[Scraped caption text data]

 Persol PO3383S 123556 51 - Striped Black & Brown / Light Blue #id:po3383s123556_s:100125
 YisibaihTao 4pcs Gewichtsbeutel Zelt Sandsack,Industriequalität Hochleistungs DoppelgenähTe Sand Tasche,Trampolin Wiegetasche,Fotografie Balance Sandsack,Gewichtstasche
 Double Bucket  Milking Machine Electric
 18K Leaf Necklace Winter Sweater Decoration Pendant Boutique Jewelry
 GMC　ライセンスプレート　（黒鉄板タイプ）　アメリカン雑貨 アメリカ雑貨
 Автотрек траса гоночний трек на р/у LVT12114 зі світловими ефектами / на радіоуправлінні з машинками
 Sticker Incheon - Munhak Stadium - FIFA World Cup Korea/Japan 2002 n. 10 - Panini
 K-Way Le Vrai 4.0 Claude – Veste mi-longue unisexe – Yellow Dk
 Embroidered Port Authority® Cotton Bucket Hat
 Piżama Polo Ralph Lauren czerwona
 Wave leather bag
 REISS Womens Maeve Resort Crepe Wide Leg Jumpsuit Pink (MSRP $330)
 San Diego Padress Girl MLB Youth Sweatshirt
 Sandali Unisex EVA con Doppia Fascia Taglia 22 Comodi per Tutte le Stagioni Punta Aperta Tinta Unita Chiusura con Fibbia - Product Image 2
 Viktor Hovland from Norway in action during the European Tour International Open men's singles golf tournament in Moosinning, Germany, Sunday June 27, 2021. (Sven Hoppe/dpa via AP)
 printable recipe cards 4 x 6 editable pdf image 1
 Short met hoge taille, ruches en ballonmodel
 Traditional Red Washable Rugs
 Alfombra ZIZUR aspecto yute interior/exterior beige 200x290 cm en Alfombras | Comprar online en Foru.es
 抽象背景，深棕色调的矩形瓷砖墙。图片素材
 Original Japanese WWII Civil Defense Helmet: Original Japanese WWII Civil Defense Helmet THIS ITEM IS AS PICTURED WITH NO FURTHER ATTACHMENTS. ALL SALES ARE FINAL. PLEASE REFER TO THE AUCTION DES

**WHAT YOU ARE ASKED TO DO**
Your output must contain exactly the lines from the one containing "Viktor Hovland from" to the final line of the data above, and no other text.

**EXERCISE SOLUTION**
 Viktor Hovland from Norway in action during the European Tour International Open men's singles golf tournament in Moosinning, Germany, Sunday June 27, 2021. (Sven Hoppe/dpa via AP)
 printable recipe cards 4 x 6 editable pdf image 1
 Short met hoge taille, ruches en ballonmodel
 Traditional Red Washable Rugs
 Alfombra ZIZUR aspecto yute interior/exterior beige 200x290 cm en Alfombras | Comprar online en Foru.es
 抽象背景，深棕色调的矩形瓷砖墙。图片素材
 Original Japanese WWII Civil Defense Helmet: Original Japanese WWII Civil Defense Helmet THIS ITEM IS AS PICTURED WITH NO FURTHER ATTACHMENTS. ALL SALES ARE FINAL. PLEASE REFER TO THE AUCTION DES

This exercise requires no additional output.